▸ **EXERCISE**: Using the data below, gather each line that includes the word "Ceramic".

▸ **INPUT DATA**:
========
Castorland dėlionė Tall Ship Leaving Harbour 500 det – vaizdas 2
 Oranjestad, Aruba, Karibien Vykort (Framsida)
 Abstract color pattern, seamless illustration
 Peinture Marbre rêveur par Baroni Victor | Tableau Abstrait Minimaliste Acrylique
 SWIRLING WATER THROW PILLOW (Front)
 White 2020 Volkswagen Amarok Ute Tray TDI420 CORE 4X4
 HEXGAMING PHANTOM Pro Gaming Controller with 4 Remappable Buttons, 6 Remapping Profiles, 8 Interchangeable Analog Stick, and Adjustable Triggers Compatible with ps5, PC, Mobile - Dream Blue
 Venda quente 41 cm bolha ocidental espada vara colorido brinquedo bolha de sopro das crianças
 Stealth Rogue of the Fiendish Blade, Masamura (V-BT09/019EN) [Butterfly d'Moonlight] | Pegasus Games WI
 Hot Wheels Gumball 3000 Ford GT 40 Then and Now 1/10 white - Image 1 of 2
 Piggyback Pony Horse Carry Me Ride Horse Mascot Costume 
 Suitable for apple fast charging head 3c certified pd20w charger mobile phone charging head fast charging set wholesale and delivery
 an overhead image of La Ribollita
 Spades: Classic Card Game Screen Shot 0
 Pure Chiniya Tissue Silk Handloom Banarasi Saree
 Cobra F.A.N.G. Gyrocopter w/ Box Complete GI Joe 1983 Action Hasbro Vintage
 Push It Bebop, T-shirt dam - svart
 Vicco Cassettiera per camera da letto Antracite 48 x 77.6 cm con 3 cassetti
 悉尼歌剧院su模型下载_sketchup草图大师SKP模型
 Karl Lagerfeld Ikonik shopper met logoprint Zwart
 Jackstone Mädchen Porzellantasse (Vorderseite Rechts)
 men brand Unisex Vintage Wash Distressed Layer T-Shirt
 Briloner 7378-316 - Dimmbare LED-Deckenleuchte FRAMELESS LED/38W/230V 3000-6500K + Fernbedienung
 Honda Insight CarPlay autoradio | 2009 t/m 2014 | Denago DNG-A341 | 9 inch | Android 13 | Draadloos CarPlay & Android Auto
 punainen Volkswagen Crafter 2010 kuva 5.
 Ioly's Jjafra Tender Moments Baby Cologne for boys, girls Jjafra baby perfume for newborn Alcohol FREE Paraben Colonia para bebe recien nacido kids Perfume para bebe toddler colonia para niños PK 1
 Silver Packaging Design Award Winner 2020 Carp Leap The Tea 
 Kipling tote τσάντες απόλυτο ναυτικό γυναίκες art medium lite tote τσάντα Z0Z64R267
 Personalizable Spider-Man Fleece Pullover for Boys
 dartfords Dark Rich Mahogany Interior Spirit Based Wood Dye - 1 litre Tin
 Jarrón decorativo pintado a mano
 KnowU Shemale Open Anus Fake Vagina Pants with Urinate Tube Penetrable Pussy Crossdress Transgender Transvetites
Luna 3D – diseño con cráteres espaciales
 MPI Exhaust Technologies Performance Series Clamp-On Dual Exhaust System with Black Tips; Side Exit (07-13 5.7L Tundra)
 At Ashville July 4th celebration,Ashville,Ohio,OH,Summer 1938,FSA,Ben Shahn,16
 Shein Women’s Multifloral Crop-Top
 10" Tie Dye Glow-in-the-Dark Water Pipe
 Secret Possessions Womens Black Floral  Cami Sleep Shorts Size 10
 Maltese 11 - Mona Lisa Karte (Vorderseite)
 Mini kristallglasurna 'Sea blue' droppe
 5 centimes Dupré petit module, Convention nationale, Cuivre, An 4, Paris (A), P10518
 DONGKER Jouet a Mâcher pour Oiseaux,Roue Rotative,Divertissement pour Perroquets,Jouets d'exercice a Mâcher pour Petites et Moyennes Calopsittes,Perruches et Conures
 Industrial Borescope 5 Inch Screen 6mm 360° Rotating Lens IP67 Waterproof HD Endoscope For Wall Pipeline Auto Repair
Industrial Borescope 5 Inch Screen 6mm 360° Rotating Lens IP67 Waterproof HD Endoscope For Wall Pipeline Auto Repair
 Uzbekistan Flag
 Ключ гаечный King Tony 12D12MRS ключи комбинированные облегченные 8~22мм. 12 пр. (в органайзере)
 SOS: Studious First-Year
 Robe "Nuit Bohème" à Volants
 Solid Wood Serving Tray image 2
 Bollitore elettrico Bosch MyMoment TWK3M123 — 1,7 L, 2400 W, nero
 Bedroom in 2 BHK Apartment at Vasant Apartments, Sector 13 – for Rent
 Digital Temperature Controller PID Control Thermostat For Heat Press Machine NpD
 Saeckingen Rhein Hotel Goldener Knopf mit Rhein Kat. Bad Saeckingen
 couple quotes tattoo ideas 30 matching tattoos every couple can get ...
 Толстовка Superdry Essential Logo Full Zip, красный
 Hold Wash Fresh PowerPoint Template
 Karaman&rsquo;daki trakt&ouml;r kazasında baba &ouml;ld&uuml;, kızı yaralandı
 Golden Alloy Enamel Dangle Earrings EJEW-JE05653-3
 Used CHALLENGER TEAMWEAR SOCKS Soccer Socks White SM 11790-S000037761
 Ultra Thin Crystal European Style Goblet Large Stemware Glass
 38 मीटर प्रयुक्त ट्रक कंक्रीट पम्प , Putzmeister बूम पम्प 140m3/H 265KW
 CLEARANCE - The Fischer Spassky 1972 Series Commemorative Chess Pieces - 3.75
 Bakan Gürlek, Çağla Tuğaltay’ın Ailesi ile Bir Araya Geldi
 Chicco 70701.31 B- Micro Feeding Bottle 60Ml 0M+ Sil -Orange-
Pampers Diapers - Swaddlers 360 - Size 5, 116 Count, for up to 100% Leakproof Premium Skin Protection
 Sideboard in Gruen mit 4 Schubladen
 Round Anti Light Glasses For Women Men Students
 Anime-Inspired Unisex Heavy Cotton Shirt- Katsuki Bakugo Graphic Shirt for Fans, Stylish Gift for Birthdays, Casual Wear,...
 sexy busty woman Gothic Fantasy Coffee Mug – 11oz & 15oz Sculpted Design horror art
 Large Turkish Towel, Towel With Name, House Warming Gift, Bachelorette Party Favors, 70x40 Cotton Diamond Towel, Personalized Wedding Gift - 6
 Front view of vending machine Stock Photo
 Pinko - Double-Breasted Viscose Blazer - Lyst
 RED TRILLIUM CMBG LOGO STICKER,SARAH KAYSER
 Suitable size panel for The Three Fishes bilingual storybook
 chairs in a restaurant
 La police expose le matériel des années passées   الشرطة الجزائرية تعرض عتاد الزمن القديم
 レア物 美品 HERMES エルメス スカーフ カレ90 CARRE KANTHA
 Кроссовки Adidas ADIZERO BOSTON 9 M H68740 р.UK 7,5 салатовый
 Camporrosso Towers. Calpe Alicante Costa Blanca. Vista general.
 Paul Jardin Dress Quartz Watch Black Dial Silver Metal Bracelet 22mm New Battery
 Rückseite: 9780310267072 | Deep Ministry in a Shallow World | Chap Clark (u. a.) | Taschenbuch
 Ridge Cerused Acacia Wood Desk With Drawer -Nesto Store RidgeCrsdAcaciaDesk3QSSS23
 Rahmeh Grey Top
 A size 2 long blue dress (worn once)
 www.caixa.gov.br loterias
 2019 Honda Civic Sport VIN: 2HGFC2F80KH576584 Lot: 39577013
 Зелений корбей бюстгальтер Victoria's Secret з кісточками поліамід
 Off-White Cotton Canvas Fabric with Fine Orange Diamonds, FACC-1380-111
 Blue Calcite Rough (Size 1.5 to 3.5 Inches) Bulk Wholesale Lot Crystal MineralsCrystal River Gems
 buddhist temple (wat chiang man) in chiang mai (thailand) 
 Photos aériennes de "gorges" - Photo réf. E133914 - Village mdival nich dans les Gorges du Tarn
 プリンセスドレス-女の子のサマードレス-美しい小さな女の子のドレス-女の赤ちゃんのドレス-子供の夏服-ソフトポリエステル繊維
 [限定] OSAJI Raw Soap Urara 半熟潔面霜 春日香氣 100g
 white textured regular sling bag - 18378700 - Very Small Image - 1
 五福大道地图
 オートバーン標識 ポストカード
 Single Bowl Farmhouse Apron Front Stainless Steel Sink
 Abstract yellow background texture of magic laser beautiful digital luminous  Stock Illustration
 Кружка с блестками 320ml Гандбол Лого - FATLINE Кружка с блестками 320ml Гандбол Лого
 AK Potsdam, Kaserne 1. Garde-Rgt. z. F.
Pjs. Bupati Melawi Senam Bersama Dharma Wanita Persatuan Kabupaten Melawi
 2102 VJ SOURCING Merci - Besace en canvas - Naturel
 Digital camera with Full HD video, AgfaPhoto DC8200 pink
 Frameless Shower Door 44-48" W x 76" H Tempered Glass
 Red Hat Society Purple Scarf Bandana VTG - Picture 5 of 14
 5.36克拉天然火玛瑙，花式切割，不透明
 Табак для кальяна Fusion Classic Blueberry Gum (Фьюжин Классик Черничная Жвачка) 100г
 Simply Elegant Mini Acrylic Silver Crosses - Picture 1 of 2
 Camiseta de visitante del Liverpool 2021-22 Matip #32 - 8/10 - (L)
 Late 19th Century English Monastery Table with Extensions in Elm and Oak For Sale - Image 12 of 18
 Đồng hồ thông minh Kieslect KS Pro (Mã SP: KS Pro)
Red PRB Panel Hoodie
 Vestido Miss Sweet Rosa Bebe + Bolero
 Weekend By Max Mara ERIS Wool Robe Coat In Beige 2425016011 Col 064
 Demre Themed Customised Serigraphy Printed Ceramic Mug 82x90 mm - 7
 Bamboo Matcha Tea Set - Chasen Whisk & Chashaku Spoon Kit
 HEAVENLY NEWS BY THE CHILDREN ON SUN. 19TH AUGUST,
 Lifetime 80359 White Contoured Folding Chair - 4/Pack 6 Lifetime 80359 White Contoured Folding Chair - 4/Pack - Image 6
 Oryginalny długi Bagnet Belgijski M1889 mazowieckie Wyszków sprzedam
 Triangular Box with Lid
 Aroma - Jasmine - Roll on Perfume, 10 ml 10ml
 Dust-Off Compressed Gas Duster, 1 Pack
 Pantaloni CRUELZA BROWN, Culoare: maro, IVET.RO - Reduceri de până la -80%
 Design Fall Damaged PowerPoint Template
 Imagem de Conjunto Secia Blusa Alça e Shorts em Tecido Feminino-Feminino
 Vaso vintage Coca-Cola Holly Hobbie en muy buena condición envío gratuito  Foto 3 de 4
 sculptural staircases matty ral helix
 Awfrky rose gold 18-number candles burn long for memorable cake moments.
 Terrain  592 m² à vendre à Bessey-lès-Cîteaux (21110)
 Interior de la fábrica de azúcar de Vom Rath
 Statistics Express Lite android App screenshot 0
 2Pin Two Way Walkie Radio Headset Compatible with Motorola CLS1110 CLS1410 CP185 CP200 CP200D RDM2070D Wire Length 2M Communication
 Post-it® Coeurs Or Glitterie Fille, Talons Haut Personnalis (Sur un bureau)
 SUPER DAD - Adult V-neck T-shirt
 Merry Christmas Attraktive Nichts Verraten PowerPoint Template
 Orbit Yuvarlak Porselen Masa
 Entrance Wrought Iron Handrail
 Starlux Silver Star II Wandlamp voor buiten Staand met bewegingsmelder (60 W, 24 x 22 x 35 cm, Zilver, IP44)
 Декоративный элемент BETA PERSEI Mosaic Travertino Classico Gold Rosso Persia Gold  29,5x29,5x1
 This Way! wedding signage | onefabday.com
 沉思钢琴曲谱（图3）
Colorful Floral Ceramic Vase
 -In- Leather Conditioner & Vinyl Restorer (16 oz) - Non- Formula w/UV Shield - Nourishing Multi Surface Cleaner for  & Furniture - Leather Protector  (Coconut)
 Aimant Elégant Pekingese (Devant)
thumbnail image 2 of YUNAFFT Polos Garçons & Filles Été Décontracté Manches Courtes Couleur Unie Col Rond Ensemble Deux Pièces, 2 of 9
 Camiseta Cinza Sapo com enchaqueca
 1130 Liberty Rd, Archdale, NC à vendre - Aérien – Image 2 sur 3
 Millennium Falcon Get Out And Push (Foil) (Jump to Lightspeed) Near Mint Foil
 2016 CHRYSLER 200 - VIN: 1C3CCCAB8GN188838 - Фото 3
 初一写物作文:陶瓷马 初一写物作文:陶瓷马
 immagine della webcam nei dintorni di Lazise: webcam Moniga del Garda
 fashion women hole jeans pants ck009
========
▸ **RESPONSE BELOW**:
 Demre Themed Customised Serigraphy Printed Ceramic Mug 82x90 mm - 7
Colorful Floral Ceramic Vase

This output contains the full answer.